We claim to allow you to write splices in (a) types and (b) patterns.
I'm very dubious about (b). Consider]
    x = 4
      
    y :: Patt 
    y = [p| ... |]

    f $y = x

Question: where is x bound?  It looks as though x can be bound by the
spliced-in pattern or by the top-level binding.  You can't tell without
knowing what $y expands to.  We argue in our paper against non-top-level
declaration splices because that would lead to ambiguity of exactly this
sort.

It turns out that it's very inconvenient to implement pattern splices in
GHC, for exactly this reason.  We can't figure out the binding structure
till we expand the splice.  We can't expand the splice till typechecking
time.  But the renamer currently fixes the binding structure before type
checking.    Changing this would be a big upheaval.

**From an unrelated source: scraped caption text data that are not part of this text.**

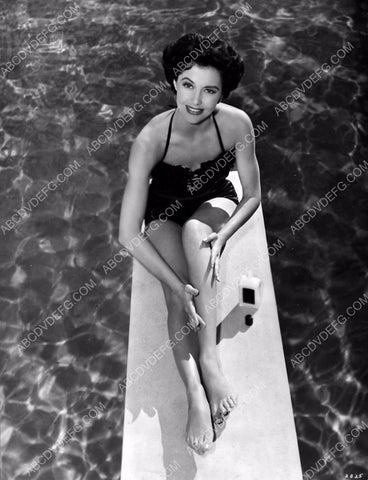 Cyd Charise sitting on the diving board applies some leg cream 8b20-9440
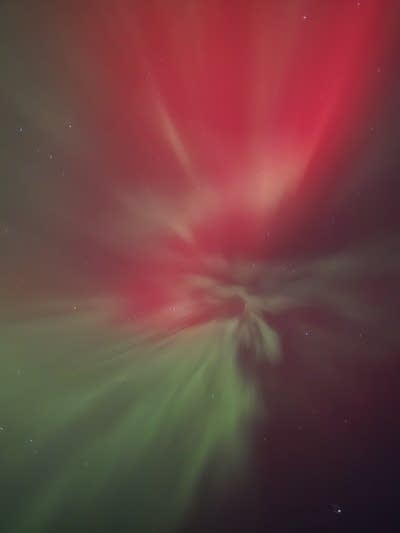 Reds and greens cover the night sky.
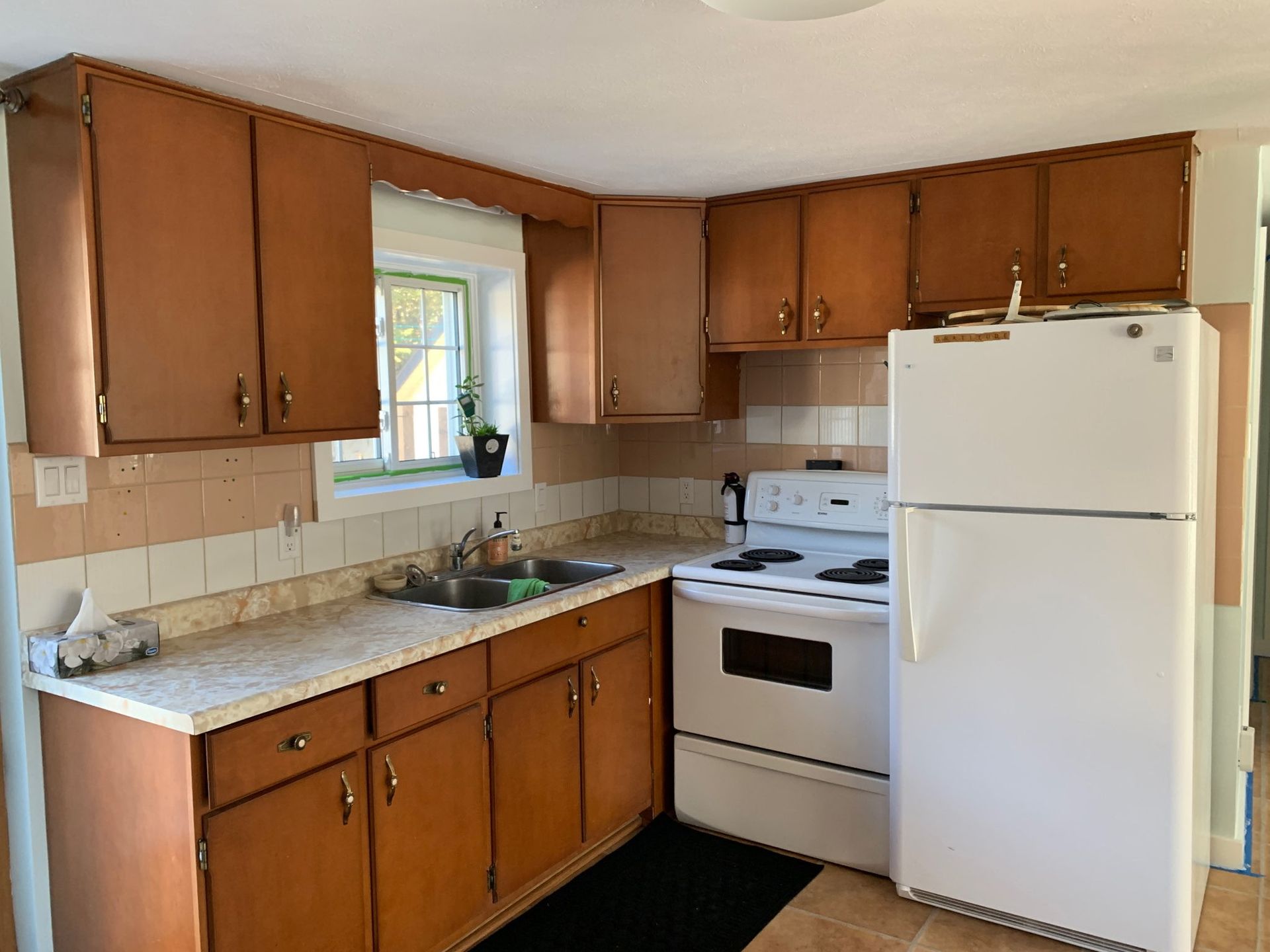 Kitchen with brown cabinets, white appliances, and a window above the sink.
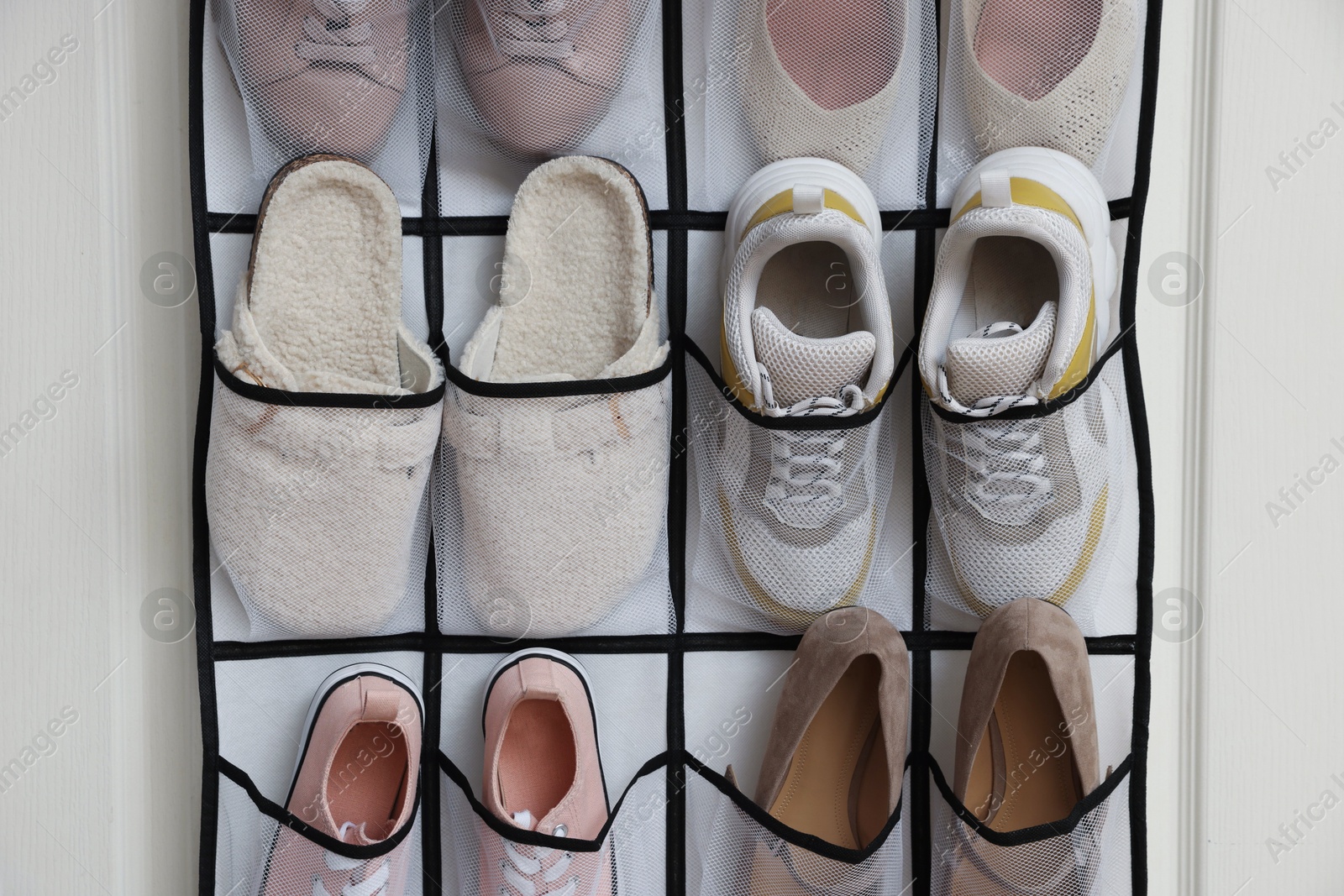 Organizer with different footwear on door indoors. Shoe storage Photo of Organizer with different footwear on door indoors. Shoe storage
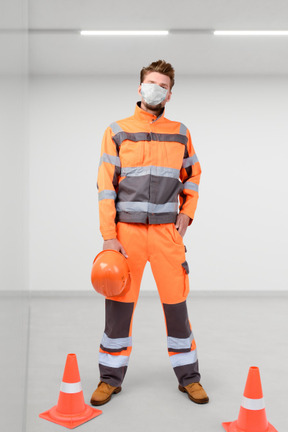 A man wearing an orange safety suit and a mask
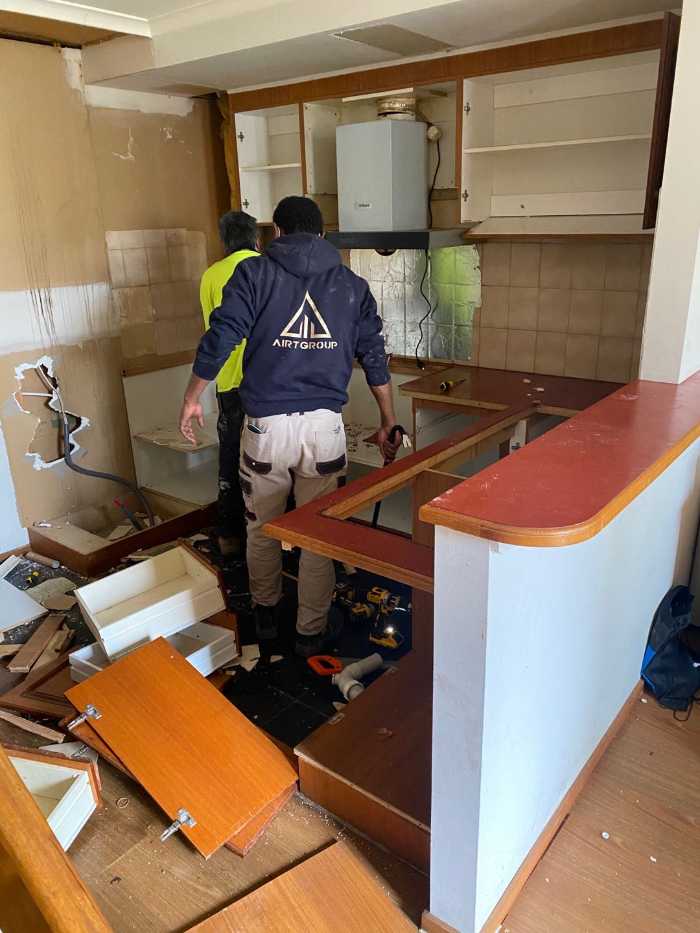 men working on renovation work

Conclusion: pattern splices are hard to implement, and dubious from a
programming point of view.  I propose to drop them, for now at least.


Type splices have some similar echoes.  Consider
      
    y :: Type 
    y = [t| a -> a |]

    f :: $y

What is f polymorphic in?   The trouble concerns Haskell's implicit
quantification.  I guess there are three possibilities:

a) $y expands to "a -> a", and that is implicitly universally quantified
to "forall a. a->a".
b) The implicit quantification happens at the [t| ...|] brackets, so
that $y expands to
    "forall a. a->a"
c) $y expands to "a -> a" with no implicit quantification anywhere.

I'm pretty sure that we should adopt (b).  After all, we want a
lexical-scoping rule for TH, so we have to say where 'a' is bound.

That would still in principle allow
      
    y :: Type
    y = return (Tvar "a" `Arrow` Tvar "a")

Since it's the renamer that does implicit quantification, it'd be quite
awkward to make the implicit quantification at the splice site "see" the
free variables 'a'.

The link with the pattern stuff is this.  If you see
    f :: $y -> b

then what are the implicit for-alls?  My answer: the implicit for-alls
are just for "b", not for any free vars of $y.

Since then, the only solution for pattern splices I recall seeing is

f ${x,z}y = x

which asserts that the splice introduces the set of identifiers {x,z}.